Ocean warming and acidification may significantly alter phytoplankton cell biochemistry, and in particular lipid composition. Algal fatty acids, especially omega-3 long chain polyunsaturated fatty acids (n-3 LC-PUFA) such as eicosapentaenoic acid (EPA; 20:5n-3) and docosahexaenoic acid (DHA; 22:6n-3) are germane since they are exclusively synthesized by phytoplankton and are predicted to decline in response to ocean warming (Hixson and Arts, 2016) and acidification (Meyers et al., 2019). Lipid profile adjustments are also taxon-specific (Hixson and Arts, 2016) and do not always change under elevated CO2 (Wang et al., 2017). Mesozooplankton (e.g., copepod) growth and life history, such as fecundity, egg hatching, and naupliar survival, are critically dependent on algal-derived fatty acids, and n-3 fatty acids in particular. In addition, shifts in phytoplankton fatty acid content strongly affect not only organismal fitness, but also trophic energy transfer efficiency among phytoplankton and zooplankton (Jónasdóttir et al., 2009; Cripps et al., 2016; McLaskey et al., 2019; Meyers et al., 2019).

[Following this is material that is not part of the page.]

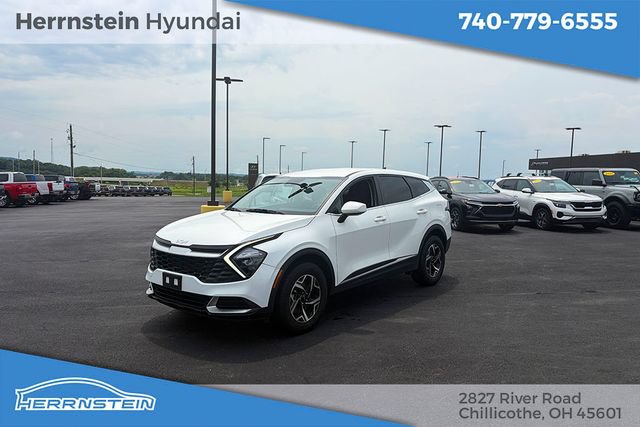 Used 2023 Kia Sportage LX AWD/4WD image 3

Many experiments designed to test the effects of climate change to phytoplankton are short-term, typically lasting less than 15 algal generations (e.g. Fu et al., 2010; Errera et al., 2014; Hennon et al., 2017; Bercel and Kranz, 2019; Seto et al., 2019). However, some longer experiments have provided nuanced and unique insights into phytoplankton physiological acclimation and/or adaptation to future climate change that deviate from shorter duration experiments (e.g. Collins and Bell, 2004; Flores-Moya et al., 2012; Tatters et al., 2013b). For example, after growing diatoms for 2 years under elevated temperature (30°C), essential fatty acids that significantly declined when shifted from 26°C to 30°C for only seven days partially recovered after the longer growth period (Jin et al., 2020).

Karlodinium veneficum is a common coastal estuarine toxic dinoflagellate with a near-global distribution that produces a suite of toxic compounds called karlotoxins (KmTx) that have cytotoxic, ichthyotoxic, hemolytic, and grazer deterrent properties (Deeds et al., 2002; Adolf et al., 2007; Waggett et al., 2008; Fu et al., 2010; Place et al., 2012). Karlodinium veneficum blooms often cause massive fish kills and are also toxic to oyster embryos, larvae, and juveniles (Adolf et al., 2007; Glibert et al., 2007; Brownlee et al., 2008; Stoecker et al., 2008; Waggett et al., 2008). As a mixotroph, K. veneficum bloom initiation is affected not only by the availability of nutrients but also by prey (Adolf et al., 2008; Li et al., 2015; Lin et al., 2018). Temperature, light intensity, and dissolved inorganic carbon availability also affect growth (Adolf et al., 2007, 2009; Fu et al., 2010). Karlodinium veneficum growth is often greater at an intermediate temperature (e.g., 25°C) than at slightly warmer temperatures (e.g., 28–30°C; Lin et al., 2018; Vidyarathna et al., 2020, 2023), and is also resilient to low pH (7.8–6.0; Nielsen et al., 2010), and increases at high pCO2 (e.g., 745 ppm) (Fu et al., 2010). In addition, high temperature (i.e. ≥ 28°C) or high pCO2 can increase K. veneficum cell toxicity (Fu et al., 2010; Vidyarathna et al., 2020), but these factors were treated in isolation and under short-term exposure. In this regard, it is unclear how the combined effects of elevated temperature and CO2 may affect K. veneficum physiology and long-term acclimation or adaptation.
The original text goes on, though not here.